Mais allons au cœur du sujet. Thongor, est-il un honorable pastiche, voire concurrent, de Conan ? Non, pas vraiment.
À dire vrai, Thongor recèle nombre de faiblesses scénaristiques et stylistiques. Le même schéma narratif se répète inlassablement au fil des nouvelles, et les redondances sont légions. On retrouve facilement une à deux fois la même phrase, au mot près, par nouvelle, et même de nouvelle en nouvelle ! Pour résumer la chose, on se croirait dans la satire du Monomythe dressée par Kurt Vonnegut : « Le héros a des problèmes, le héros résout ses problèmes. » ; sauf qu’en plus, Lin Carter amenant son héros et ses personnages secondaires dans des évènements insolubles humainement, il abuse des dei ex machina, n’ayant pas peur de confiner au ridicule. Entre le dirigeable qui va tout seul dans la bonne direction, ou la chance surnaturelle du héros, l’auteur ne recule devant rien pour parvenir à l’élément de résolution. Au bout de trois nouvelles, on commence à se demander si on ne s’est pas fait avoir. À la quatrième, on se dit que bon, quitte à l’avoir commencé, autant terminer le bouquin ; et à la fin, on jure solennellement de ne pas acheter le second, après avoir utilisé le précédent comme cale.
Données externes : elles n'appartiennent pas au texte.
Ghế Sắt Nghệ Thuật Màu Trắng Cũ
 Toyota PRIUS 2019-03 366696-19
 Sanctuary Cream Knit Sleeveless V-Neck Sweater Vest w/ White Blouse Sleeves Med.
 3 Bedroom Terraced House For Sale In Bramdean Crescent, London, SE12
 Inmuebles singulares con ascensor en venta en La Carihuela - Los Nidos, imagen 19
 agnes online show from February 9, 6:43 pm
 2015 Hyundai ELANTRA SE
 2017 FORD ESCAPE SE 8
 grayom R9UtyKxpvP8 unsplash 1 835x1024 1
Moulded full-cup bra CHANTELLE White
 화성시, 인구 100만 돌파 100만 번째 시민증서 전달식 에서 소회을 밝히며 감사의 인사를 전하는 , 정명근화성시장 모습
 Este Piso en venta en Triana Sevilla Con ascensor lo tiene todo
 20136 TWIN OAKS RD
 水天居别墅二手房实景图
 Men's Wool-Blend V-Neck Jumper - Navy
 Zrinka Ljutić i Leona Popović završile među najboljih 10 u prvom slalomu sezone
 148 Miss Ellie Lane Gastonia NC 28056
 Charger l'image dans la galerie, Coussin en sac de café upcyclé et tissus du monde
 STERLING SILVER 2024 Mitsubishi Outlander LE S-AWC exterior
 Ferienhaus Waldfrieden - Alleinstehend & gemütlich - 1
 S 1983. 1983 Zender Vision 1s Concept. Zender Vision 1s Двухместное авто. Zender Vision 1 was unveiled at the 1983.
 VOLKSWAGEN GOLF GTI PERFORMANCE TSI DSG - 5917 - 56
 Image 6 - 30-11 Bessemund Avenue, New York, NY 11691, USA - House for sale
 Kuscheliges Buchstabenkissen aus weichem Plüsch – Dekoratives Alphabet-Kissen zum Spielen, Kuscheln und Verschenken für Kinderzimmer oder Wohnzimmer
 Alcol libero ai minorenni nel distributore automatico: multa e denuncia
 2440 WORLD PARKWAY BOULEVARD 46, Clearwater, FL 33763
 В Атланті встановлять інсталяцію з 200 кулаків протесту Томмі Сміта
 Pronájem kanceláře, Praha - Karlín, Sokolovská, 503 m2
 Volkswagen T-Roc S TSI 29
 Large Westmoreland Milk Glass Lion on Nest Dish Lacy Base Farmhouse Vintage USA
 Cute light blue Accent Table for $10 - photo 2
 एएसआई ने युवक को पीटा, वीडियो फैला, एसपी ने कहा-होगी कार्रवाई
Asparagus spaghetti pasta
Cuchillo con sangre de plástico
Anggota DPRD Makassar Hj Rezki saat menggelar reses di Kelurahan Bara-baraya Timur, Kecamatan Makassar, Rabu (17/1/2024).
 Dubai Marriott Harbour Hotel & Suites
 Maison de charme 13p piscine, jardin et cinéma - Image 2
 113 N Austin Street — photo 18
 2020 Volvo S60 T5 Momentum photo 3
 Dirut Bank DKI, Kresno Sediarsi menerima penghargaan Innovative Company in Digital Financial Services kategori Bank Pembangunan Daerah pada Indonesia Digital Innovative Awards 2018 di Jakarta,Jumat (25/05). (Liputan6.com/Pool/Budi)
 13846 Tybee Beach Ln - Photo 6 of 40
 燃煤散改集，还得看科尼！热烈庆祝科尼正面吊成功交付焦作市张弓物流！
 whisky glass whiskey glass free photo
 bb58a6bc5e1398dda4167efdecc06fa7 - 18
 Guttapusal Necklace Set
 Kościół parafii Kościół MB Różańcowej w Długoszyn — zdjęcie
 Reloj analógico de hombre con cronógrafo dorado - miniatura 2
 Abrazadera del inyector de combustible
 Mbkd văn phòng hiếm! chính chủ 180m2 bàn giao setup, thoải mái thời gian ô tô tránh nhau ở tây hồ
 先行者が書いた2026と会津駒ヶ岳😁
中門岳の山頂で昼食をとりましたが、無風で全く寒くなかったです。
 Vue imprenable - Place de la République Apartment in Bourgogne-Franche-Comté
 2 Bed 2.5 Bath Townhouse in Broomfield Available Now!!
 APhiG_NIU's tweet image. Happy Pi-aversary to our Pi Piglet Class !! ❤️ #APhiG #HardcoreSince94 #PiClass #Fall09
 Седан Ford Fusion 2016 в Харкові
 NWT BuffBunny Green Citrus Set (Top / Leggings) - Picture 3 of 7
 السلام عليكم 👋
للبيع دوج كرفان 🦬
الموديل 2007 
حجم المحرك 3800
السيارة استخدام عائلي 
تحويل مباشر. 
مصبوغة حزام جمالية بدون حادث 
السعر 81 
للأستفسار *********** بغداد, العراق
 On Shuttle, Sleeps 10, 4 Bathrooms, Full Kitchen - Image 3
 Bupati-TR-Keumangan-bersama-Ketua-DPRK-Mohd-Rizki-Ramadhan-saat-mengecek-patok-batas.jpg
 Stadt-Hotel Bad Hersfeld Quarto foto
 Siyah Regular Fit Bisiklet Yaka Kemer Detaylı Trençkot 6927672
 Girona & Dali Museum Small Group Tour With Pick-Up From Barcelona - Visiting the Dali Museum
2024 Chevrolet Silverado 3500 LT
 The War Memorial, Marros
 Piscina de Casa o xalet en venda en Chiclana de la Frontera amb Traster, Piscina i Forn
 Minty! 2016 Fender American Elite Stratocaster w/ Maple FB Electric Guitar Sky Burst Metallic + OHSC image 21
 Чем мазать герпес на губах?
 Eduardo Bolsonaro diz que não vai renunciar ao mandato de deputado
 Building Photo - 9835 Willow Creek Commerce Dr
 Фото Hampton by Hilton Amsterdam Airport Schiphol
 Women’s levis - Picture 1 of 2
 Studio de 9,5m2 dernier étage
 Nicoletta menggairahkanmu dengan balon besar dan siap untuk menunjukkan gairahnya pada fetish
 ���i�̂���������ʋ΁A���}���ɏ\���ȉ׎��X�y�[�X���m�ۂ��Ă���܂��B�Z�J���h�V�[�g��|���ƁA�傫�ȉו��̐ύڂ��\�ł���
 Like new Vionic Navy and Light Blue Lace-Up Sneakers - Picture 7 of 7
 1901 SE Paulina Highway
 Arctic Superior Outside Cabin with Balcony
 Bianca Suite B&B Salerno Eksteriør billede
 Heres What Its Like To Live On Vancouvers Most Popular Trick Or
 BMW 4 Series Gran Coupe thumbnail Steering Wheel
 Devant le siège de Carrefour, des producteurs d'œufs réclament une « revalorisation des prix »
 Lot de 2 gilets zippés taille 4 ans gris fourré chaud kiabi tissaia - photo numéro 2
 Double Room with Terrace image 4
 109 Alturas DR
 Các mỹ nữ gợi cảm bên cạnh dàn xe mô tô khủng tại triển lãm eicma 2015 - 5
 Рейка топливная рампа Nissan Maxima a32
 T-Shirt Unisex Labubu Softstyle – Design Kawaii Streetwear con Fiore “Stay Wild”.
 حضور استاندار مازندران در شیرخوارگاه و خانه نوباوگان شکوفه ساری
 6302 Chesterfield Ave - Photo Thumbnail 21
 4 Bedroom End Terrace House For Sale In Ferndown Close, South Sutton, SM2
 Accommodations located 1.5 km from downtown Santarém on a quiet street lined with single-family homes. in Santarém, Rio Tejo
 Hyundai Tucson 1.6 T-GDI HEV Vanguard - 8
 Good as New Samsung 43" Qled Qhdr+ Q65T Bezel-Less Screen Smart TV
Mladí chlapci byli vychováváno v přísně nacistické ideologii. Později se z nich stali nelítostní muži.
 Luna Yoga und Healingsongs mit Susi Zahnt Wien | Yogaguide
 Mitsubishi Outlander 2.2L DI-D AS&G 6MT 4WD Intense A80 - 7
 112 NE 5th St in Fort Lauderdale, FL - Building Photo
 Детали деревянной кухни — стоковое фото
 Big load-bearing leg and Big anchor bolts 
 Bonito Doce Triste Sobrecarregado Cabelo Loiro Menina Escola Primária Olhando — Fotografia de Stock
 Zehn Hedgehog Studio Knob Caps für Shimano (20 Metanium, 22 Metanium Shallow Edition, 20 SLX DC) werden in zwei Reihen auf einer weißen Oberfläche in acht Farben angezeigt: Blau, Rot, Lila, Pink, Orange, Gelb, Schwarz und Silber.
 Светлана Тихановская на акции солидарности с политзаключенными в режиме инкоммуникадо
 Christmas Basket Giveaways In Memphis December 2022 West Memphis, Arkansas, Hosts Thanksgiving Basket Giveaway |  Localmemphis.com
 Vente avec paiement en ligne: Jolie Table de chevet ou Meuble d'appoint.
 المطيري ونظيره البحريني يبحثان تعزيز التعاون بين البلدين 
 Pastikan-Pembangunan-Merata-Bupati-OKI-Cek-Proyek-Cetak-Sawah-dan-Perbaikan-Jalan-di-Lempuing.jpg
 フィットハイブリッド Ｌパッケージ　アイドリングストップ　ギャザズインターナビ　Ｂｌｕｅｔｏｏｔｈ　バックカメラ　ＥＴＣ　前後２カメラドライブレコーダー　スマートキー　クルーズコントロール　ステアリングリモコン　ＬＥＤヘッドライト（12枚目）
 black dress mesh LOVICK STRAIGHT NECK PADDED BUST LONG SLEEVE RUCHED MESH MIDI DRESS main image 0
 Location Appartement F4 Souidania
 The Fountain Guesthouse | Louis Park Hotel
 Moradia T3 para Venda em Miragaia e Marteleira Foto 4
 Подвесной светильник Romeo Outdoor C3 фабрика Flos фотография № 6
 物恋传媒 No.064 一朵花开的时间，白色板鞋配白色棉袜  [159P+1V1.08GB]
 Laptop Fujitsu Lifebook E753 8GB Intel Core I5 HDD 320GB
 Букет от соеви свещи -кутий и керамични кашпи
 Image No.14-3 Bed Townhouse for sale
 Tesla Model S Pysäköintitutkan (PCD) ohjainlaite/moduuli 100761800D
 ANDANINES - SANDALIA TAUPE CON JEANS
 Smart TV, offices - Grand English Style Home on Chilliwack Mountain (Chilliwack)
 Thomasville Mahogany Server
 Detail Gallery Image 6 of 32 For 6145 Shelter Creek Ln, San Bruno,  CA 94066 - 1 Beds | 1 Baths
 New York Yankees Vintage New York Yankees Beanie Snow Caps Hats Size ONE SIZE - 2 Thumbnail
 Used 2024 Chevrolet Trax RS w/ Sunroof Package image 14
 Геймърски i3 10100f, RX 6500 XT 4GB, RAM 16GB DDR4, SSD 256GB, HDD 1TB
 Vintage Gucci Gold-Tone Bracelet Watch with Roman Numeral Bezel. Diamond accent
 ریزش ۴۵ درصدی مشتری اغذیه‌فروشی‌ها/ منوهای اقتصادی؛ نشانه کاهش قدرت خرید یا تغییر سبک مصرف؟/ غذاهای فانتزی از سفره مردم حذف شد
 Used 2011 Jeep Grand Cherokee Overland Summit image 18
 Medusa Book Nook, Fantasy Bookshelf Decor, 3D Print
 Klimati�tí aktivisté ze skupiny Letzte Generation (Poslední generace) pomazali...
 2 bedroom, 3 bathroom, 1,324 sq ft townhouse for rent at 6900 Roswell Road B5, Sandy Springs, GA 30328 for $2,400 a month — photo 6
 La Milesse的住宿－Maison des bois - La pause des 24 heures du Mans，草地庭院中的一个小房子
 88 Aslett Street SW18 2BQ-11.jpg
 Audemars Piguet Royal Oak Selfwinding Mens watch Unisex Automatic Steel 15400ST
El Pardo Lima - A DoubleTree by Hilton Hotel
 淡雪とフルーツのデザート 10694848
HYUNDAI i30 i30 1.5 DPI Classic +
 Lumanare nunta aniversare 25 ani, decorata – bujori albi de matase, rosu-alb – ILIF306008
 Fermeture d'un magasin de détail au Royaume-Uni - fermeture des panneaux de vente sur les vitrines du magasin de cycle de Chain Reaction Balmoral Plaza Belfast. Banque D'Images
Parce qu’il ne faut pas se moquer du monde non plus. Thongor est autant une œuvre fondatrice de la fantaisie que votre serviteur est danseur étoile. Il n’est qu’une pâle copie de son modèle ; un sous-Conan dont il n’arrive même pas à être le pastiche. Et soyons sérieux, comment peut-on arguer qu’en 1965, après le passage de géants tels que Howard, Smith, Lovecraft et Tolkien, il puisse encore y avoir quelque chose de « fondateur » dans un genre déjà balisé par des codes dont il n’est toujours pas sorti actuellement ! D’autant plus que Thongor n’invente rien : il copie, et mal en plus. Certes, il a l’avantage de se lire vite, bien que mal écrit. On aurait plus tendance de le classer dans un style proche d’une première fiction que d’un style ampoulé ; simple, mais empli de maladresses (à moins que la faute en revienne au traducteur ?). Si encore il eût été question de la saga d’Elric, la novation apportée au genre aurait été légitime, car clairement établie, mais nous ne sommes ici en présence que d’un argument commercial, visant sans doute à apporter une manne financière à la maison d’édition grâce à un public guère exigeant. En clair, Mnémos est loin de ce qu’elle ambitionnait d’être lors de sa création. La seule chose que nous lui conseillons, c’est de retirer toute mention prétendant qu’elle est une maison défricheuse de talents français. Cela semble faire longtemps qu’elle leur a tourné le dos, au profit des traductions.